§ Records for the exercise:
[Start of section]
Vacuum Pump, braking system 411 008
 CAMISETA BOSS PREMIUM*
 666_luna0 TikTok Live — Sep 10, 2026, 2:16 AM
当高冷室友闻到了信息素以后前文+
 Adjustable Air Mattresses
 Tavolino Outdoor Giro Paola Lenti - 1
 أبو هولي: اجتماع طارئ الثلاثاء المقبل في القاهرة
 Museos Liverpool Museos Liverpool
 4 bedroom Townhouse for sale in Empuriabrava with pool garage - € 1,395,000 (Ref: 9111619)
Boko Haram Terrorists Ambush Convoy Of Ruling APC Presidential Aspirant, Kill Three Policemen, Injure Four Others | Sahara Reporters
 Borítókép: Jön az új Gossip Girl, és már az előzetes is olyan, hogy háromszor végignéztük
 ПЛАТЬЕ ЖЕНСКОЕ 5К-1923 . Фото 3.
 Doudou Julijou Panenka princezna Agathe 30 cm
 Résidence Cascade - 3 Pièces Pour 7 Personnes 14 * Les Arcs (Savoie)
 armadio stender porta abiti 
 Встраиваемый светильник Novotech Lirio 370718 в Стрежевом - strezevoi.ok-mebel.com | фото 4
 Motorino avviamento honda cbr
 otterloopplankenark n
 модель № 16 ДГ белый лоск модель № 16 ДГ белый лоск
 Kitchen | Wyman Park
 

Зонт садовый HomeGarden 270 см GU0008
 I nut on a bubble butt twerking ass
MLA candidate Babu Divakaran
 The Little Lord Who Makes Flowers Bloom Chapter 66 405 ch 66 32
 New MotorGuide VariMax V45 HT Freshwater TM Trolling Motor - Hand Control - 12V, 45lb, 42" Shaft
[End of section]
§ Exercise instructions:
Repeat, character for character, the lines of the material above from the line with "Tavolino Outdoor Giro Paola Lenti - 1" through the line with "armadio stender porta abiti".

§ Written solution:
 Tavolino Outdoor Giro Paola Lenti - 1
 أبو هولي: اجتماع طارئ الثلاثاء المقبل في القاهرة
 Museos Liverpool Museos Liverpool
 4 bedroom Townhouse for sale in Empuriabrava with pool garage - € 1,395,000 (Ref: 9111619)
Boko Haram Terrorists Ambush Convoy Of Ruling APC Presidential Aspirant, Kill Three Policemen, Injure Four Others | Sahara Reporters
 Borítókép: Jön az új Gossip Girl, és már az előzetes is olyan, hogy háromszor végignéztük
 ПЛАТЬЕ ЖЕНСКОЕ 5К-1923 . Фото 3.
 Doudou Julijou Panenka princezna Agathe 30 cm
 Résidence Cascade - 3 Pièces Pour 7 Personnes 14 * Les Arcs (Savoie)
 armadio stender porta abiti 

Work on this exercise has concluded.